This works, however there is downside that where the files are combined again there is a gap with a line in between. As the result is a Markdown file this can be cleaned up, but that takes some effort. Especially as I chose to not do this automated.
I could choose to not use a GPU and run on CPU only as I have plenty of system Ram. One book is still to much for the amount of Ram I have, but in stead of dividing in pdfs of 4 pages I could probably use pdfs of 50 pages. That would mean a lot less manual cleanup. Obviously though the conversion would take a lot longer, but as I don’t have to babysit this process it might make sense. So I did some tests.
The tests
Now I did not run a large set of tests. Also I chose to run this on a PDF of 10 pages with one image in it. It divided the pdf in files containting 4 pages. And here are the results:
Testrun | # pages | Batchsize | watt total | Real | User | sys | Remarks |
---|---|---|---|---|---|---|---|
GTX 970 | 10 | 4 pages | 180 W | 2m15s | 2m20s | 0m11s | 1 image in PDF |
Ryzen 7 2700X | 10 | 4 pages | 125 W | 9m57s | 70m26s | 2m57s | 1 image in PDF |
note that the wattages are for the whole system, not just the GPU
The GPU took a bit more power. However it was remarkably faster, even though this is on GPU. This trusty old GPU was 4 times faster.
Conclusion
Despite the extra cleanup, it saves a lot of time to use even such an old GPU.
Hardware choices
I tried larger PDF files, but larger than 4 pages kept failing which could also be seen in nvtop as it needed more memory. Roughly speaking, it seems to take 1 GB of Vram for each page. Pytorch according to what I read also works fine on AMD GPUs. AMD GPUs with more memory are more affordable than Nvidia. Intels CPUs are even more afforable, however it is unclear to me how well they are supported with Pytorch which is required for the conversion. It seems that the best bang for the buck right now is to get an AMD RX7600XT with 16 GB. For a 200 page PDF that would mean 12-13 manual corrections versus 50 with the 4 GB GTX.

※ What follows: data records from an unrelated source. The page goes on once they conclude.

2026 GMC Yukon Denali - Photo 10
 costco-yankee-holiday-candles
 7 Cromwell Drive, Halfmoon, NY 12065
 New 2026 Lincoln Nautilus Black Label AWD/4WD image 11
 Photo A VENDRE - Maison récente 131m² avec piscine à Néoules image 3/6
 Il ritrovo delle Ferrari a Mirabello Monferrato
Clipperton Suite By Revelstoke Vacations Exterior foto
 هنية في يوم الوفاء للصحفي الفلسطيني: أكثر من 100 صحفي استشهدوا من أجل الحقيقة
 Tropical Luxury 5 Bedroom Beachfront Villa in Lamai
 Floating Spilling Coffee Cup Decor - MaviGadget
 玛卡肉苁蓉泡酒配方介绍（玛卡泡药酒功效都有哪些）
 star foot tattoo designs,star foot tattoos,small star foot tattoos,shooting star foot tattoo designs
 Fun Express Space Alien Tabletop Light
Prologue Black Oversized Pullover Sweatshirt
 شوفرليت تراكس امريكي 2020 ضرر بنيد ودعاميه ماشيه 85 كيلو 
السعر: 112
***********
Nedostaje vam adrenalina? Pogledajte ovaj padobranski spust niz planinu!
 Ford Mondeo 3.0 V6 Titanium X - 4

If you really want to get serious..Hardware with loads of ‘unified memory’ like Apples M3 or M4 systems or systems based on Ryzen AI Max+ seem very interesting. The latter being a lot more affordable and you can run Linux on them. Apparently a 64 GB version is already available for € 1499,- As it is unified, you can’t get the full 64 GB, but 48 should be doable. A 128 GB version is coming as well.